It was Mr. Karmal's first journey outside Afghanistan since the Soviet-backed coup which brought him to power, and observers believe it was a perfect opportunity for the Kremlin to reaffirm its backing for his hard-pressed Marxist government.
Diplomats in Moscow suggest that the Kremlin hopes, in the long run, that it will be able to persuade Pakistan and other countries in the region, that Mr. Karmal, and his government are a permanent fixture and will have to be accepted. The Soviet News Agency Tass, reporting his arrival in Tashkent, gave no indication which Afghan Ministers were accompanying him. It's expected that he will be given the seal of approval for his ten months rule, and receive private undertakings that Soviet troops - the mainstay of his government - will not be withdrawn until all resistance has been removed.

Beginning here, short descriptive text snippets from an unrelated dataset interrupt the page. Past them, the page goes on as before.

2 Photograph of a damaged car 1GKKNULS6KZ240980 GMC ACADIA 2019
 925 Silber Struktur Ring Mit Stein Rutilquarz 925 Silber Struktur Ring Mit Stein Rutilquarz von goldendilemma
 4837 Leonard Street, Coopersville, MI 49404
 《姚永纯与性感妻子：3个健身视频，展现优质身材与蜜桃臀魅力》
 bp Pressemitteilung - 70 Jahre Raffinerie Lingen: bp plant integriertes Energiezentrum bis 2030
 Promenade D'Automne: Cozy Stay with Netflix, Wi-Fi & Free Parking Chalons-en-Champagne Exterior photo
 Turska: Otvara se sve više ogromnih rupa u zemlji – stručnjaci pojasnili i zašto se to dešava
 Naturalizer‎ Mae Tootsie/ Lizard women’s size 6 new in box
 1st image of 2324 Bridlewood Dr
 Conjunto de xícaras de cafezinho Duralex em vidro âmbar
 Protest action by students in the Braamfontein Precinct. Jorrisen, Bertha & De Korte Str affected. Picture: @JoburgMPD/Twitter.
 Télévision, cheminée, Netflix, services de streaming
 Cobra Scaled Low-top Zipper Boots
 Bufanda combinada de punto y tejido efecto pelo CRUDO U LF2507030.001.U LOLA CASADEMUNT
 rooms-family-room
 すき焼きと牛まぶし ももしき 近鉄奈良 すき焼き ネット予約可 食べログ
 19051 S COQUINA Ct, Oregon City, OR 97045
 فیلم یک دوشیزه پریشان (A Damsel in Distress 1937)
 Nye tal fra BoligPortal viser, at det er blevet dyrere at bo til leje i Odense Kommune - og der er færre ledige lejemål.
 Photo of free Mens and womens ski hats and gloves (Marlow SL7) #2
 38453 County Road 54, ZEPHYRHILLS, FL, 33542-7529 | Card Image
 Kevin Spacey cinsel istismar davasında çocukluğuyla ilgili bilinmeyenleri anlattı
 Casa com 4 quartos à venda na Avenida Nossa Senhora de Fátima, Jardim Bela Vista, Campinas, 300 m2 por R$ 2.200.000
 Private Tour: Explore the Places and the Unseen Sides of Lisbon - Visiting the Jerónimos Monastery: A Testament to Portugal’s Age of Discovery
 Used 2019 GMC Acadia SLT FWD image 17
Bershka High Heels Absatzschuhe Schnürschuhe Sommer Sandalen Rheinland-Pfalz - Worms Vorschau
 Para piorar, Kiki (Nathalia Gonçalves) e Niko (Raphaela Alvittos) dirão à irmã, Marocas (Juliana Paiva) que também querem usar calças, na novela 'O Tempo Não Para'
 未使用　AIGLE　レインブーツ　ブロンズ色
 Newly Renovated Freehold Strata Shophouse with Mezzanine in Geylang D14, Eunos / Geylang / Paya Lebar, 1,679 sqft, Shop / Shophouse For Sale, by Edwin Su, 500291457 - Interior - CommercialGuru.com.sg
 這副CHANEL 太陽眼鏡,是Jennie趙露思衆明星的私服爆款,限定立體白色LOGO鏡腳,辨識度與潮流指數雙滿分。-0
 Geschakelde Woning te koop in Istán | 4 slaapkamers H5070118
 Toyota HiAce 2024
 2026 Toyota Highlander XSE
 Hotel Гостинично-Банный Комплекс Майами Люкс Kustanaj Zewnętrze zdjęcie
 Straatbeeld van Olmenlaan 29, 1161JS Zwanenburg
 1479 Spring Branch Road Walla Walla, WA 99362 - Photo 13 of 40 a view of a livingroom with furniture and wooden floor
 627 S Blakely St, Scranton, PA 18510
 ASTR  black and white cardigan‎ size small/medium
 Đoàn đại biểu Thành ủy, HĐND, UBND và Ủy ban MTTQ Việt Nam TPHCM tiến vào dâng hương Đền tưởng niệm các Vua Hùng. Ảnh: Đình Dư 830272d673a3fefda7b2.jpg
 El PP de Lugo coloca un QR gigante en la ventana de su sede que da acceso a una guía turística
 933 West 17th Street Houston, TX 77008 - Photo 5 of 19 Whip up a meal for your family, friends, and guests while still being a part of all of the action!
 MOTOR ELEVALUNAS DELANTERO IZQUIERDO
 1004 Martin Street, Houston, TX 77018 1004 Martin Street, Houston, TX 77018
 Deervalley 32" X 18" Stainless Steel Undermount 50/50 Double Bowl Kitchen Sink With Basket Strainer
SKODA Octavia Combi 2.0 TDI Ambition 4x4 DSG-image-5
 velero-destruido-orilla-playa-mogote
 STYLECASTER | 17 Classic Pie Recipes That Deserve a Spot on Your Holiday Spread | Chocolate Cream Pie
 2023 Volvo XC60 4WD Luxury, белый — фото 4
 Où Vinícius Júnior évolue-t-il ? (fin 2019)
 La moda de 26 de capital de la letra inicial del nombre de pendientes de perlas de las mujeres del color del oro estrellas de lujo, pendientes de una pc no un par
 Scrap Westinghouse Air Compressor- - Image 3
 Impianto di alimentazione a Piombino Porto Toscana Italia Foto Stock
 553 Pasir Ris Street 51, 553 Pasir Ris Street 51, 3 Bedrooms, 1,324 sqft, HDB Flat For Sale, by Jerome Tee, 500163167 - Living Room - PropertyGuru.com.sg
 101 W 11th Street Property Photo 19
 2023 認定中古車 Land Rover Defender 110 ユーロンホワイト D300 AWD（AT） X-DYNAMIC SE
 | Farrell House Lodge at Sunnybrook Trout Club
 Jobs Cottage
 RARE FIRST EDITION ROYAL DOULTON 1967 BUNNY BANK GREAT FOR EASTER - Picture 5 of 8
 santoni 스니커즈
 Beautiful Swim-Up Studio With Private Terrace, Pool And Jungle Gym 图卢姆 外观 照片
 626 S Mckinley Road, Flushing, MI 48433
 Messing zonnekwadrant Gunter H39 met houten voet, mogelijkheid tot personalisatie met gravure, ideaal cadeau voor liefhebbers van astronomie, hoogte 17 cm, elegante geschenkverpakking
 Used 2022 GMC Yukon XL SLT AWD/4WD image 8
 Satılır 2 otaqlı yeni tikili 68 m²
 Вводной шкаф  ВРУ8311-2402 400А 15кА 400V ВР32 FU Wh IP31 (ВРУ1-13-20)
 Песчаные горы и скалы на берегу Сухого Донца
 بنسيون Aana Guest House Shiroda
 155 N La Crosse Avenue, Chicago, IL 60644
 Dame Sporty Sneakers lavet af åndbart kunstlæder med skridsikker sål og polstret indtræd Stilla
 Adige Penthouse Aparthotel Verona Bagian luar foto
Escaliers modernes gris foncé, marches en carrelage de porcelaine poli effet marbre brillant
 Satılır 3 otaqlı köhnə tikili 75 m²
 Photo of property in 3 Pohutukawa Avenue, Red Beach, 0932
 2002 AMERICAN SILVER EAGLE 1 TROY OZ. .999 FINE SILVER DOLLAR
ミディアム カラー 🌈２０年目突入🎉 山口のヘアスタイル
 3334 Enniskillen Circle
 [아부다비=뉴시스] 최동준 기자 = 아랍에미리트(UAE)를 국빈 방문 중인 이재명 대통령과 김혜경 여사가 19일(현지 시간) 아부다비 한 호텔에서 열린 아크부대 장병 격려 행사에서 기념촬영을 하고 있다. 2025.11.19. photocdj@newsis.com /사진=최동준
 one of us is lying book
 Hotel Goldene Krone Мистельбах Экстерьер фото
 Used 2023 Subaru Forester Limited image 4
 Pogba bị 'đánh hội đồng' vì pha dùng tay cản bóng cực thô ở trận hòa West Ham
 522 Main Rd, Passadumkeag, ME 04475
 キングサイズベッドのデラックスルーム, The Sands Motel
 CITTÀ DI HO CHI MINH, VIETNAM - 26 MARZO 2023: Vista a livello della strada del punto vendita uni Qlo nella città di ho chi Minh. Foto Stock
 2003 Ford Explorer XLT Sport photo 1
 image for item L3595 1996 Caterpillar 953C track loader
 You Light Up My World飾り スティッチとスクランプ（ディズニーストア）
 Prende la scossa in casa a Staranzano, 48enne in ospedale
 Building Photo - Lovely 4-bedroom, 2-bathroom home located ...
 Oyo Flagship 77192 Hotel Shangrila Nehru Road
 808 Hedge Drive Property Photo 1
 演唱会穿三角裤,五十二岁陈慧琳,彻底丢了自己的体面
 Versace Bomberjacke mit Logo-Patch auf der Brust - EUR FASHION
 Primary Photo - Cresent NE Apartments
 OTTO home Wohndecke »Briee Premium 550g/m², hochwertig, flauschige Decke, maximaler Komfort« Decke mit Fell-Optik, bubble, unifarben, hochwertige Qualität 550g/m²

Mr. Karmal is expected to announce growing support for the April 1978 Revolution, which ushered in Marxist rule. He's also likely to denounce alleged American and Chinese interference in Afghanistan. He, and Kremlin leaders, say this interference prompted the Soviet move last year, and have suggested there was collusion between the U.S. and Hafizullah Amin, the Afghan leader killed in the December coup.
Western diplomats say his Moscow visit is clearly timed to influence next month's United Nations General Assembly debate on the Afghan issue called for by the islamic Conference countries.
Before his visit the Soviet press reported that Mr. Karmal's government is gaining popular support while the rebels suffer defeats.